If your wife caught you using porn, or discovered an affair, or learned about some secret sexual vice you’ve been indulging, then you’re a man who’s messed things up pretty badly. One of those things is her sense of safety with you. The wife you’ve hurt is recovering from an injury which has left her feeling unsafe, so one of your main goals is to rebuild trust.
You’re probably repentant; that’s good. You want her to know how sorry you are; check. You’re ready to do what’s necessary to repair the damage done to you, her, and the marriage, and you want her confidence again. Sounds good so far.
But this is where a lot of guys mess up even further, and I’ve seen them do it countless times in my office. So let me point out three mistakes men in your position commonly make, in the interest of you avoiding them, and maximizing your consistency and credibility with her. Here, then, are three common errors to watch out for.
Minimizing (If you don’t think it’s a big deal, you’re likely to do it again)
Please repeat after me: “Sexual sin wounds wives.”
Wounds. Not “irritates” or “inconveniences.” Wounds.
It’s a blow to her soul, a betrayal, an insult she never deserved. If you’ve subjected her to all that, the least you can do is recognize it for what it is. When you minimize it, you speak of it as though it’s a minor “my bad”, like leaving the faucet running or forgetting the oven was on.
That’s understandable, because if you’ve had a pattern of secret sexual sin in your life, the sin itself has probably lost its shock value in your eyes. You’ve gotten used to it. You know it’s wrong, but it doesn’t look so bad anymore. But just because you got used to it doesn’t mean she will, nor should she. And if you use phrases like “It’s not that big a deal; lots of guys do it”, or “It didn’t have anything to do with you, so let’s move on”, then you’re telling her you still don’t recognize the severity of
Well, if you don’t recognize how wrong it was, how’s she to believe you’re taking it seriously enough to abstain from it in the future?

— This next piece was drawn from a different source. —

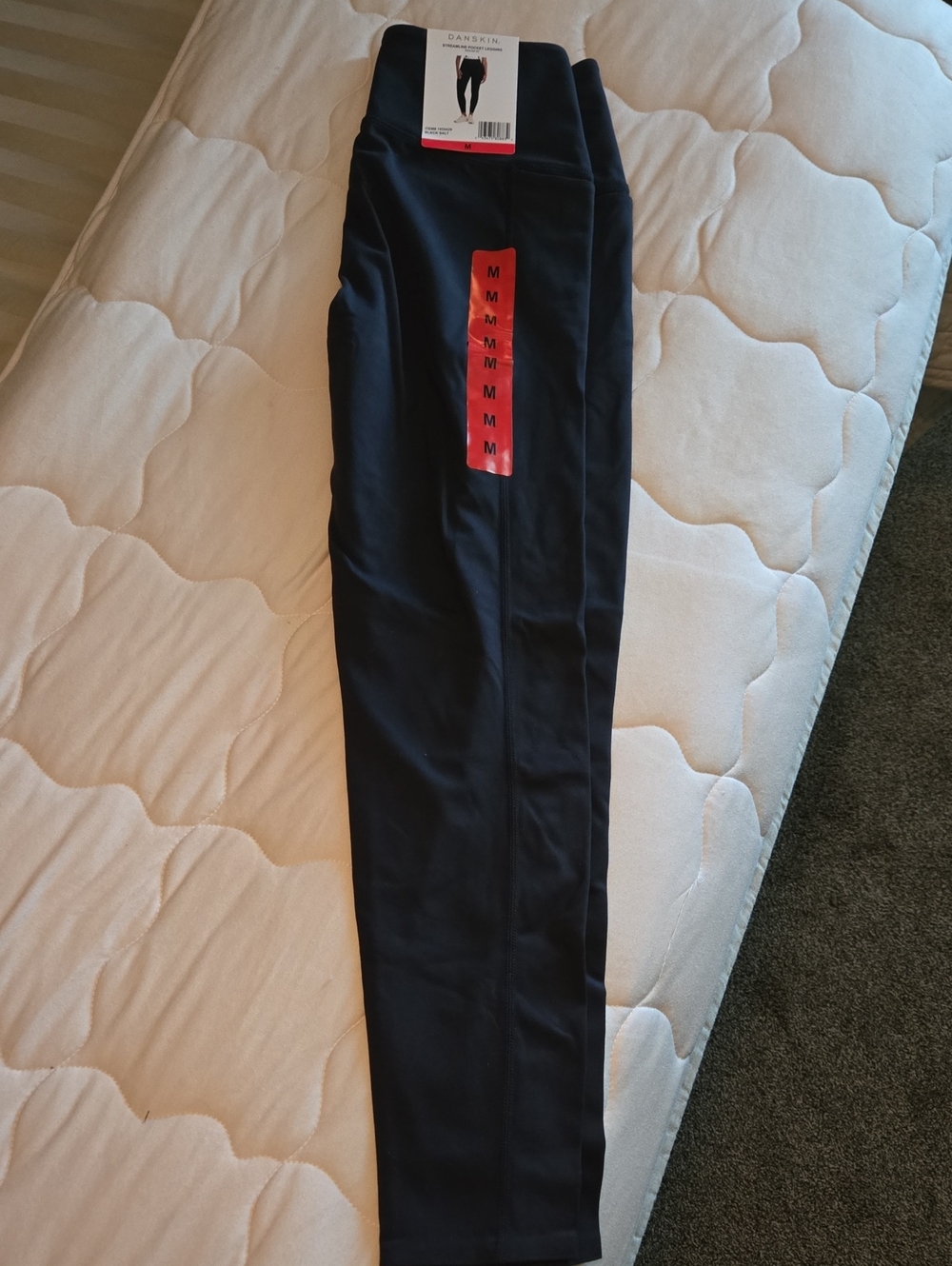 Danskin Leggings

Paul said to flee unclean behavior, because it had a specific severity to it, damaging and defiling a man’s very body. (I Corinthians 6:18) We could do with a bit of his indignation these days. So flee the thing itself, of course. But while you’re at it, also be sure to flee any phrases that would minimize the seriousness of it, because each minimizing statement you make brings your credibility down a few more notches.

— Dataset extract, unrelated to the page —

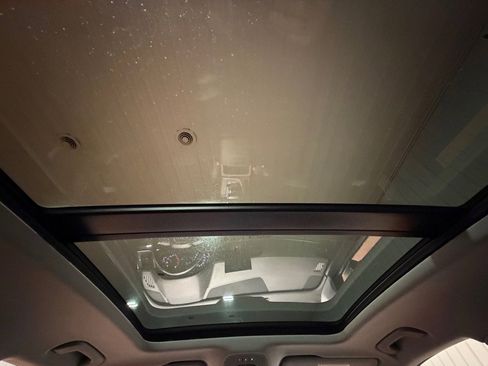 Used 2020 Audi Q5 2.0T Premium w/ Convenience Package image 33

Pushing Her to Get Over It (Cruelty, especially now, doesn’t help)
No man with a shred of decency likes seeing his wife hurt. Most of us, in fact, can’t be at peace as long as we know our lady is angry, moody, or wounded by something we’ve done.
All of which moves some guys to push their wives to get better, which makes as much sense as breaking someone’s leg, then telling them that seeing them in a cast makes you feel so guilty, so would they please take off the cast and start running , so you’ll feel better?
That’s beyond stupid. It is, in fact, cruel. Because when you’re really repentant, you make no demands. You don’t insist she stop being hurt so you can start feeling comfortable; you don’t require her to relate to you as though nothing’s happened, just so you can act as though nothing’s happened. You allow her to grieve, process her hurt and anger, and heal. Because believe me, one of the best ways to ensure things don’t get better, is to prematurely insist that they do.
Using the Chinese Water Torture (There’s no such thing as “partially” coming clean)
The practice of dripping small amounts of water onto the forehead over a sustained period of time was known to drive prisoners insane, especially when the victim had no way of knowing when the next drip would come.
Likewise, some wives are driven mad by husbands who “drip out” their confessions, stringing them out in small doses, leaving the poor woman wondering when and how the next drip will come.
Classic example: A woman discovers her husband using porn, and wants to know how long he’s had the habit. At first he claims it’s not a habit; he just experimented. A week later he admits he’s been doing it for months; days later he cops to a seven-year history of weekly porn use. Drip, drip. Instead of giving her the full picture, he hits her with a partial snapshot, letting her think she knows the whole story. Then the rug gets pulled out from under her, again and again, until she never feels settled, wondering what new revelation is coming.
Every wife I‘ve known in this situation agrees that she’d rather hear the whole ugly truth in one gush, than be tortured with confessional drips. So man up and get the whole miserable disclosure out so it can be dealt with once and for all.
These are pretty common errors, but you can avoid them, and you save yourself, and your marriage, a lot of unnecessary turmoil. While you’re at it, never forget the value of humility, teachableness and gentle patience. They’ll get you far in the process as well.
If you’ve sinned in this way, you’re probably now going through one of the toughest seasons in your life. There’s a real bleakness to endure. But clearly, there’s a real hope to hang onto as well.
After all, God generally doesn’t bring dark places to light unless He has some redemptive, even wonderful plans in mind. So let yourself dwell on His knack for abounding in grace where sin seemed to have one. Let yourself learn from the mistakes other men have made along the way. Let your wife know all about your love and sorrow while she’s recovering, and let the healing begin.